February 16th, 2010
|09:07 pm - Superman: The Animated Series? More Like The Man of Steel Magnolias!|
After mainlining Batman: The Animated Series last year, I was inspired to continue through the rest of the DCAU (sans Static Shock). I really had no interest in watching Superman since I'm not really into him, but I liked the series a lot more than I expected to.
I feel like this is blasphemy, but in a couple aspects, Superman is better than Batman. The main thing I love about the series is that it has continuity!! Batman had very mild continuity, but for the most part, episodes were self-contained, making no references to past episodes and having no effect on future episodes beyond the existence of recurring villains whose recurrences were never explained. From the very beginning, Superman makes sure that episodes don't exist in a vacuum. Things that happen in one episode are visited in the next one, even if they're just minor things. Characters make specific references to things that happened in past episodes. If a villain was previously imprisoned, you actually get to see how the villain breaks out to wreak havoc again! Oh, you all know what continuity is. I'm just appreciating it. The other thing Superman gets away with that Batman could not is that people die. Even named characters! It threw me for a loop since it was clearly against the rules a few years before. The standards of storytelling had changed; it makes me wonder what Batman would have been like if it had premiered a few years later.

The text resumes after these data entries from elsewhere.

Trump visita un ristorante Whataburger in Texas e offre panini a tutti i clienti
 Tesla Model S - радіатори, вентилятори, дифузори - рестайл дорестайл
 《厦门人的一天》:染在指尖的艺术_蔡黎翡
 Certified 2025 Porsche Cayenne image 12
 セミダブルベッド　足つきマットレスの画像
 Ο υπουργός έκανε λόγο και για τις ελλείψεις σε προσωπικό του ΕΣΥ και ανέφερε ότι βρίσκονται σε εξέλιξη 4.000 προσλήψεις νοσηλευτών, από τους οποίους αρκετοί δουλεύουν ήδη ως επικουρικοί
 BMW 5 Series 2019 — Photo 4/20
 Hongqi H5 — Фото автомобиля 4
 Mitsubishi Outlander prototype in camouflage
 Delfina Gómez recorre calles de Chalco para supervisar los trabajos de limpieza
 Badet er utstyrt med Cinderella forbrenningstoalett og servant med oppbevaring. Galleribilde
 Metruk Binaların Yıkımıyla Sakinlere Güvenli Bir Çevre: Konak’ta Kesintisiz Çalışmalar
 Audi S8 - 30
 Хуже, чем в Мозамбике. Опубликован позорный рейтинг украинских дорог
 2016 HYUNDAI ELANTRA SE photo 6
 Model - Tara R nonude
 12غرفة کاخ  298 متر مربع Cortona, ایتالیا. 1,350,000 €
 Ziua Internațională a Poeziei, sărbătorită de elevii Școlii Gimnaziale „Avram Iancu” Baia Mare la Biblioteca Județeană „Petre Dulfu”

Pretty much all I know about Supes I learned from Smallville, so it was great to see an adaptation that held a little bit closer to the comics. For instance, Lois Lane is awesome! She's strong, confident, sarcastic, and hilariously reckless: even in a battle between two superpowered beings, she'll feel the need to get a couple licks in. Hell, she even saves Superman's ass a couple times. There isn't a whole lot done with the Lois/Clark (or Lois/Supes, really) romance, but it's always there. Superman's pal Jimmy Olsen doesn't get a lot to do besides take pictures in perilous situations and, like Lois, get thrown off of buildings every now and then, but he's a good kid. That's pretty much it for the good guys. Supergirl shows up late in the run, and she's great, but for the most part, Supes works alone. There are cameos from other DC heroes, and those episodes are all really good, which makes me more excited for Justice League and more interested in learning about the DCU. There are even some awesome crossovers with B:TAS!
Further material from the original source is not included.